%%
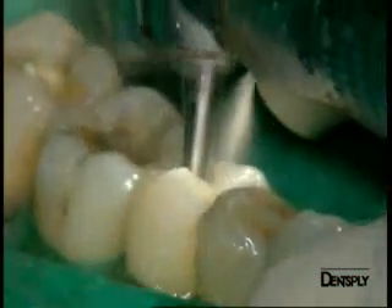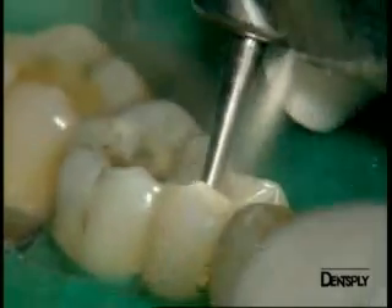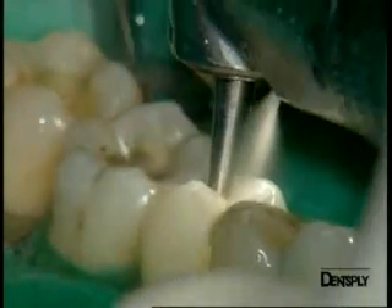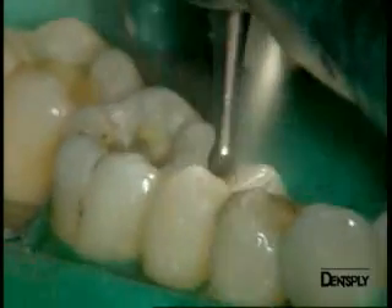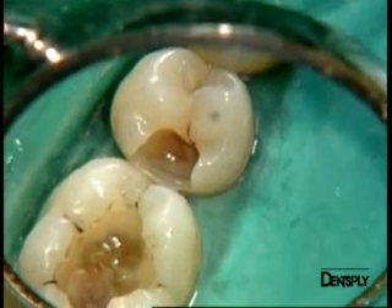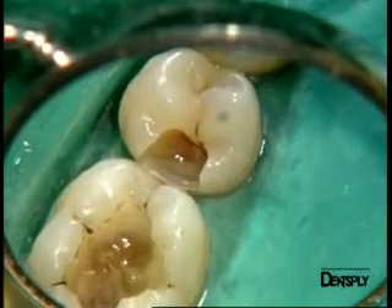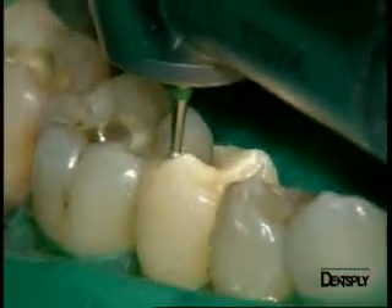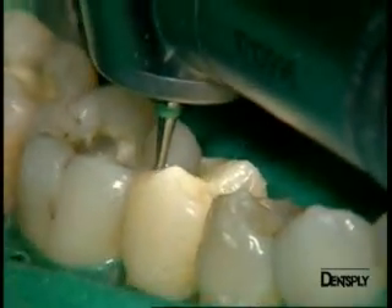We select a round burr with a larger diameter to remove the caries from the premolar. We work very carefully due to the proximity of the pulp chamber, as shown on X-ray. Here you see the brown discolored secondary dentine of the cavity. We now smooth the edges of the cervical floor of the cavity. The cavity is quite a large one, but we could preserve the natural cusps.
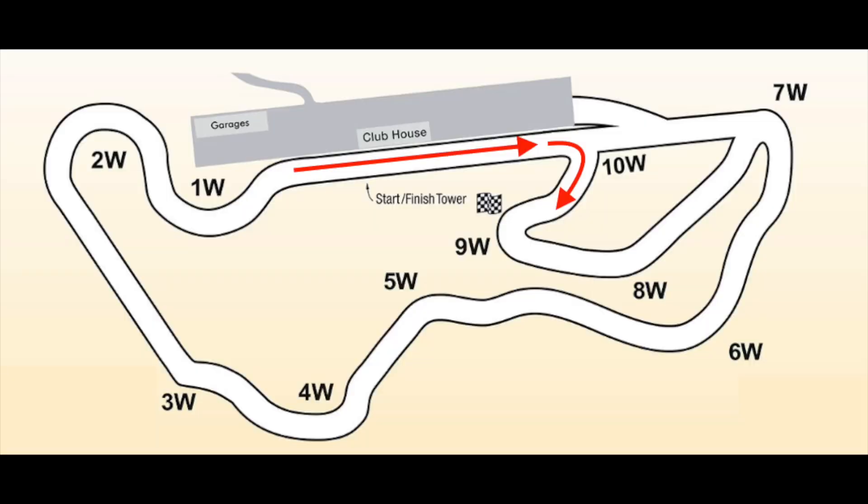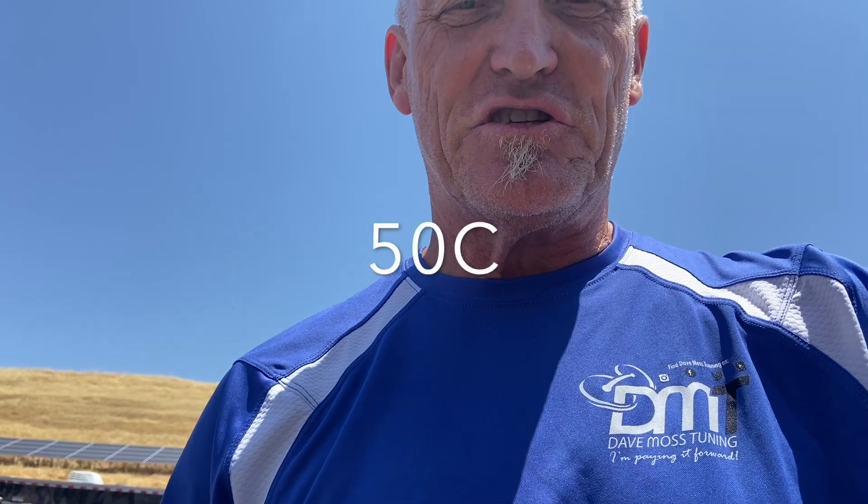We're at Thunder Hill West with Cotters at the track and it's KTM test number two. We're doing a different direction — 10 turns clockwise — and we're going to see how the bike works in this given situation. The only difference: it's hot. It's 102 degrees today, so our track temperature is currently sitting at 122 Fahrenheit. It's going to be hot.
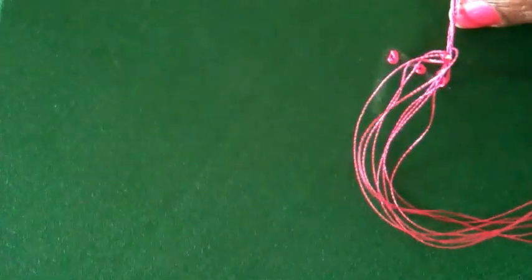It is a filling stitch. We will use this stitch wherever we need to fill designs. If you are filling a design, we should be careful — the punching place should be placed properly as we fill it.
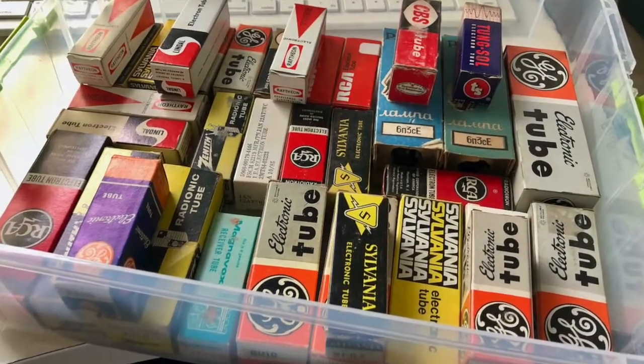Instead I want to talk about that 6Z4 tube. I've got a box of vintage NOS tubes, and sure enough I found an RCA 6Z4 in there — hopefully you can see that on the video. This is a vintage 6Z4 tube, so I pulled it out. Here it is — and this thing is bigger than almost the whole amp. So I also grabbed one of the tubes that's currently in the amp. Both of these are 6Z4 tubes.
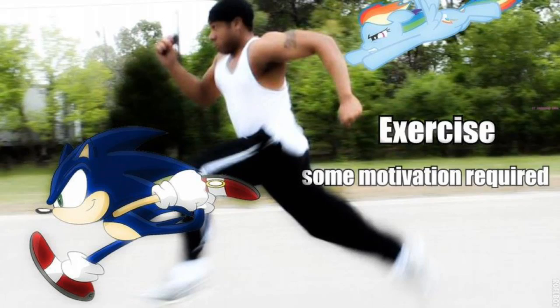So I was looking through my Facebook the other day, and I saw this picture, and I was like, yeah, I do imagine that when I'm going on my runs. And my two favorite species are Sonic and Rainbow Dash.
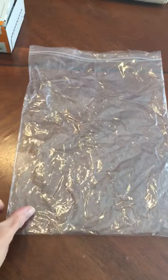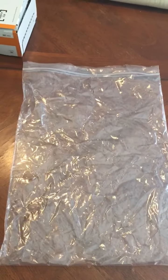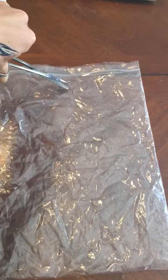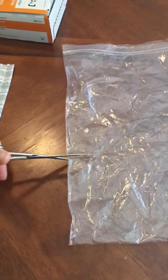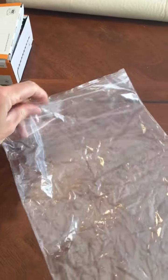You take this plastic bag that you get in the delivery. I cut two holes in it — one hole on top here, and another hole over here as well. Then, pretending that this box of alcohol wipes is my pump, I would place it in the bag.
%%
Return the records above verbatim, images excluded.

Solution:
We select a round burr with a larger diameter to remove the caries from the premolar. We work very carefully due to the proximity of the pulp chamber, as shown on X-ray. Here you see the brown discolored secondary dentine of the cavity. We now smooth the edges of the cervical floor of the cavity. The cavity is quite a large one, but we could preserve the natural cusps.
We're at Thunder Hill West with Cotters at the track and it's KTM test number two. We're doing a different direction — 10 turns clockwise — and we're going to see how the bike works in this given situation. The only difference: it's hot. It's 102 degrees today, so our track temperature is currently sitting at 122 Fahrenheit. It's going to be hot.
It is a filling stitch. We will use this stitch wherever we need to fill designs. If you are filling a design, we should be careful — the punching place should be placed properly as we fill it.
Instead I want to talk about that 6Z4 tube. I've got a box of vintage NOS tubes, and sure enough I found an RCA 6Z4 in there — hopefully you can see that on the video. This is a vintage 6Z4 tube, so I pulled it out. Here it is — and this thing is bigger than almost the whole amp. So I also grabbed one of the tubes that's currently in the amp. Both of these are 6Z4 tubes.
So I was looking through my Facebook the other day, and I saw this picture, and I was like, yeah, I do imagine that when I'm going on my runs. And my two favorite species are Sonic and Rainbow Dash.
You take this plastic bag that you get in the delivery. I cut two holes in it — one hole on top here, and another hole over here as well. Then, pretending that this box of alcohol wipes is my pump, I would place it in the bag.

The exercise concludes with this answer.